Manteca Police Chief Dave Bricker said officers told bikers with three different clubs to either cover up their patches or leave. Bricker noted the other bikers complied and weren’t eventually told to leave by his officers.

“It is keeping with a policy we’ve had for years at events like the Pumpkin Fair,” Bricker said.

That policy prohibits the wearing of gang colors or bikers showing club patches on vests. It is designed to assure safety and promote the Pumpkin Fair as a family event. And like all policies applying to the public, Bricker said it doesn’t make exceptions.

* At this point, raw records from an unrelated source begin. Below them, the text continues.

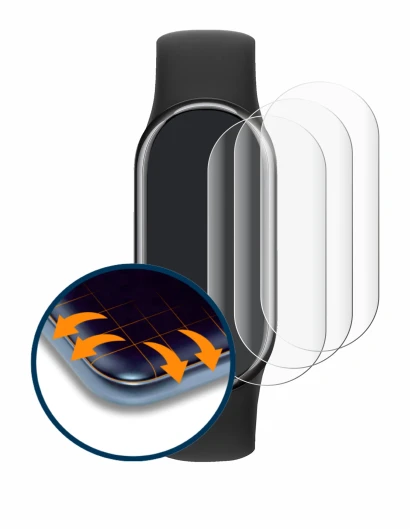 Image of the device Xiaomi Smart Band 8 with a wide variety of screen protectors.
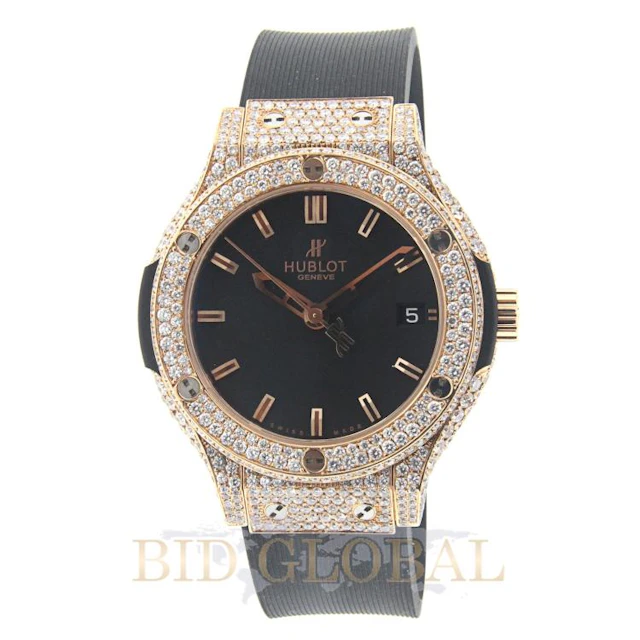 Gold 7.75ct 38 Unisex Custom Designed Hublot Classic Fussion 38mm Red Gold with Diamonds. Appraisal Value: $30,600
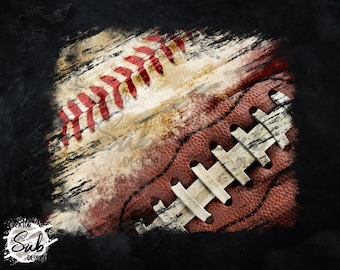 Baseball and Football Png Background, Distressed PNG Shirt Print, Distressed Baseball Png Sublimation, Sport Png Shirt Print, Football Shirt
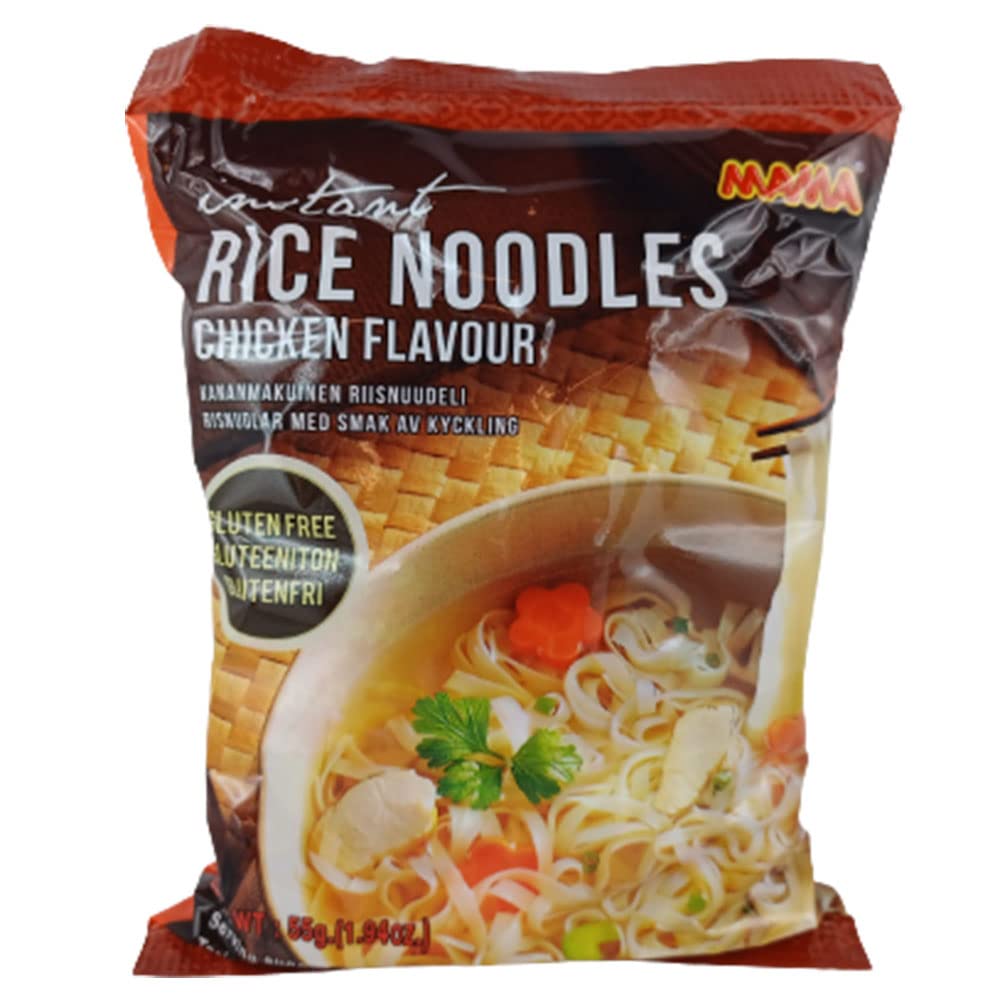 Rumarkt Asian Instant Rice Noodles Chicken Flavor - 24 Pack (24 x 55g) | Quick & Easy Meal for Busy Moms, College Students & Office Lunch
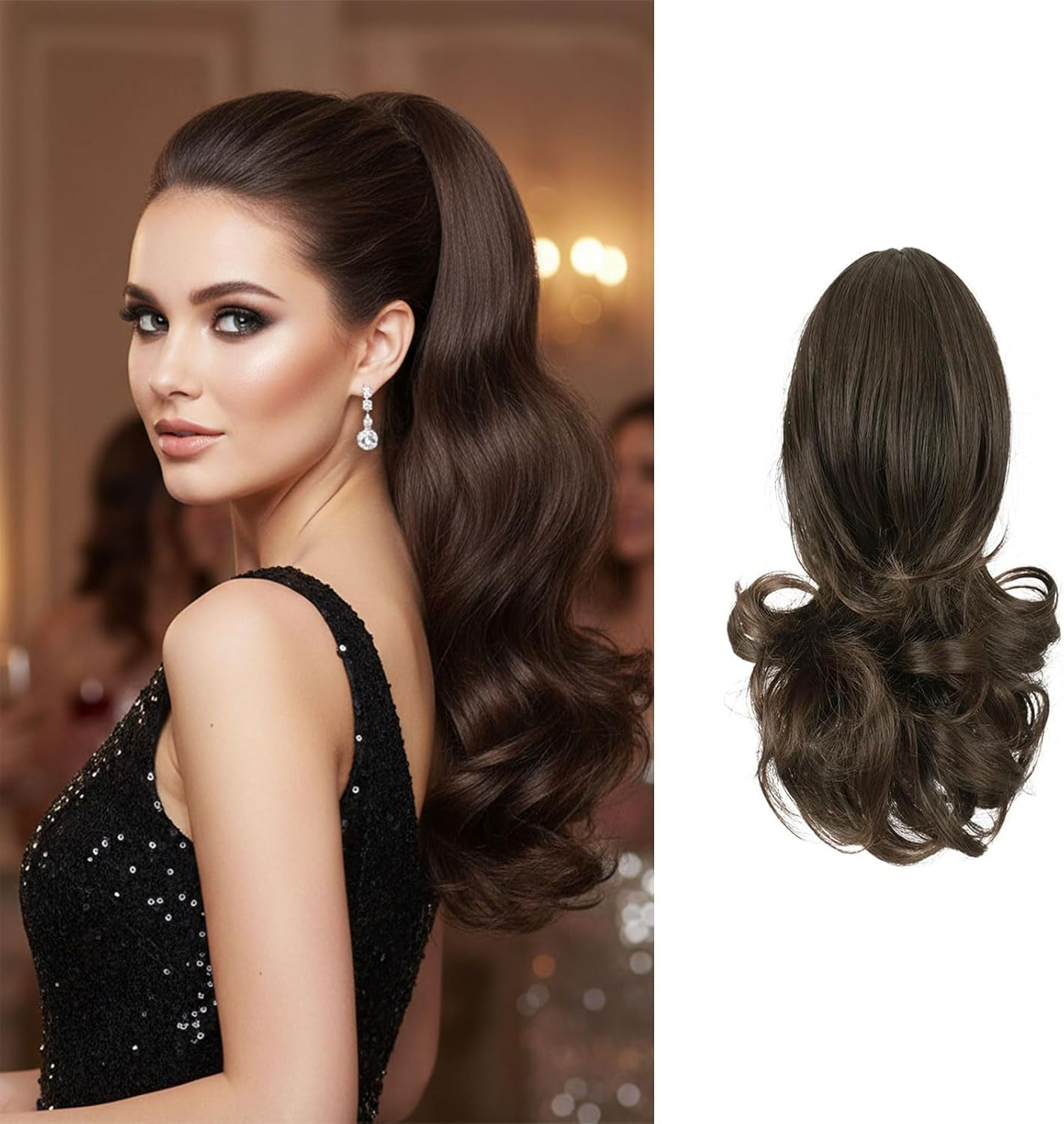 Long Curly Claw Clip Ponytail Extension 40Cm Heat-Resistant Synthetic Hairpiece Adds Volume & Length Natural-Looking Hair Extension for Women &ndash; Fengea image number 1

“At least one of the other bikers said they understood about the city wanting to keep the event family orientated and complied.

Bricker added that a recent motorcycle gang-related shooting east of Manteca as well as violence in Sparks that led to a murder emphasized the need to keep the Pumpkin Fair policy intact.

Billy Rogers, one of the Bikers for Christ who was asked to leave the fair after they declined to comply by turning their vests inside out, said police were profiling them unfairly as being the same as outlaw biker gangs.

Rogers noted in a letter to the Manteca Bulletin that his club was thinking about riding in the Manteca Christmas parade as others biker groups have in the past. He doubt that they would participate if they were asked to remove their “ministerial colors.”

In past years police have told gang members to leave the Pumpkin Fair as well when they declined to remove their colors.

Bricker noted that the Pumpkin Fair went off without incident over the two-day period.